Печальные времена — страница 9 из 17

[85]. Однако нужно заметить, что и эти рассуждения нашего автора имеют исключительно правдоподобный характер, не претендуя на установление научной истины. Речь идет о том, что находится на грани спо­собности высказывания, о том, что Аристотель считал всего лишь категориа­льными формами нашего языка (а потому сущностями «во втором смысле данного слова»), то есть о том, что в речи является описывающим, а не опи­сываемым. Когда же оно превращается в предмет рассмотрения, вместо по­нятия мы получаем имя. Потому-то о логическом выводе Дамаский начинает говорить лишь в 235-м параграфе сочинения, когда он переходит от умопо­стигаемого и умопостигаемо-умного бытия к собственно умному (в тексте диалога Платона «Парменид» ему соответствуют, согласно неоплатониче­скому толкованию, рассуждения о наличии у единого сущего предела и, сле­довательно, фигуры — см. 145а).

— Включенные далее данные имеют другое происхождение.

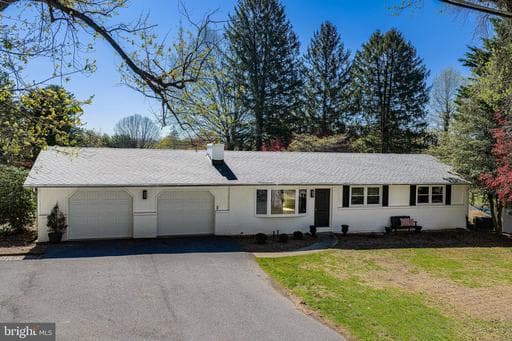 2501 ROY TERRACE - Photo 1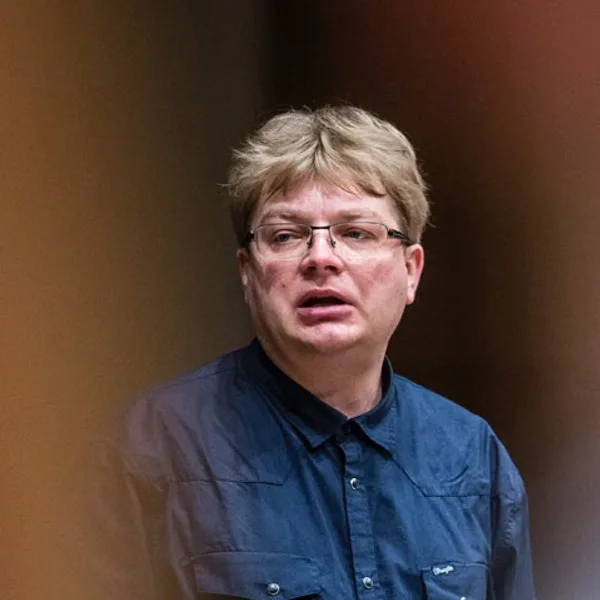 Bywalec, Szymon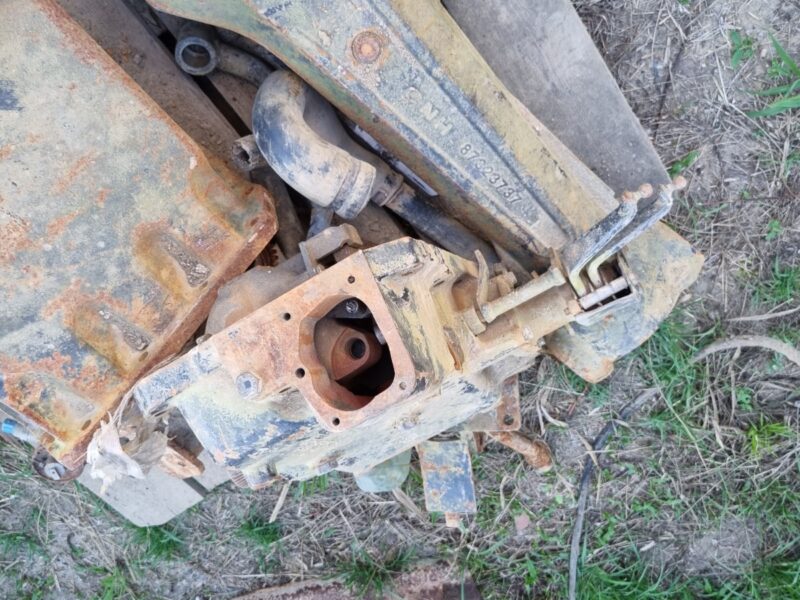 Tampa hidráulica para aplicação no trator New Holland TL-75
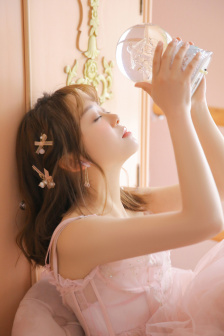 SM抽打调教女人光屁股的作文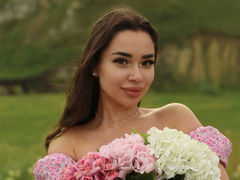 EmmyLee - female with brown hair webcam at LiveJasmin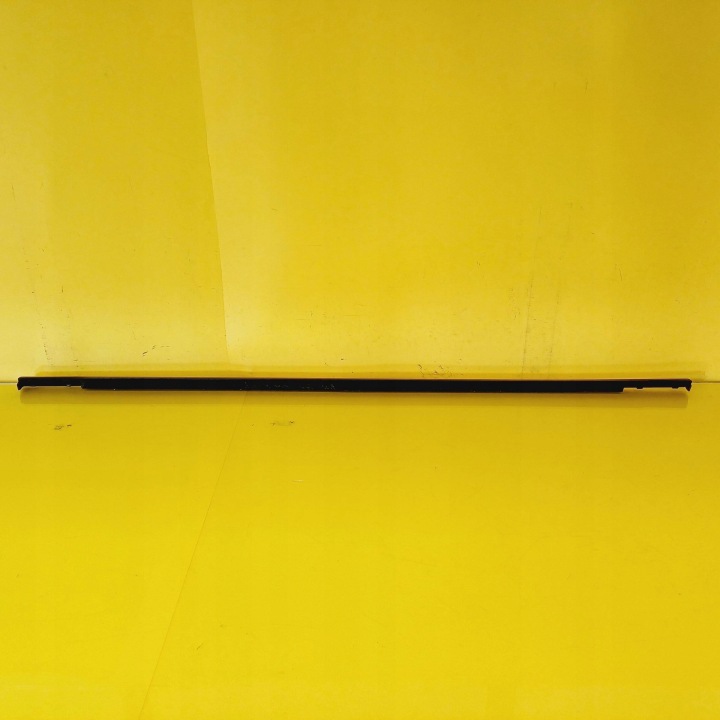 MOULURE RACLOIR DROIT ARRIÈRE VW PASSAT B5 LIFT NR193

Очевидно, что, говоря о бытии (и соответственно о жизни и уме), Дама­ский не стремится к созданию максимально непротиворечивой научной кон­струкции. Он хочет быть наиболее здравым и правдоподобным, и потому речь его является не свидетельством торжества логической необходимости, а поиском наиболее соответствующих, наиболее близких предмету слов и имен. При этом он с увлечением использует тексты, претендующие на боговдохновенность, особенно «Халдейские оракулы» и сочинения, подписан­ные именем Орфея. В данном аспекте его трактат, несомненно, является теологическим. Но это особая форма теологии, отличающаяся от христиан­ской не только по признаку используемых сакральных текстов.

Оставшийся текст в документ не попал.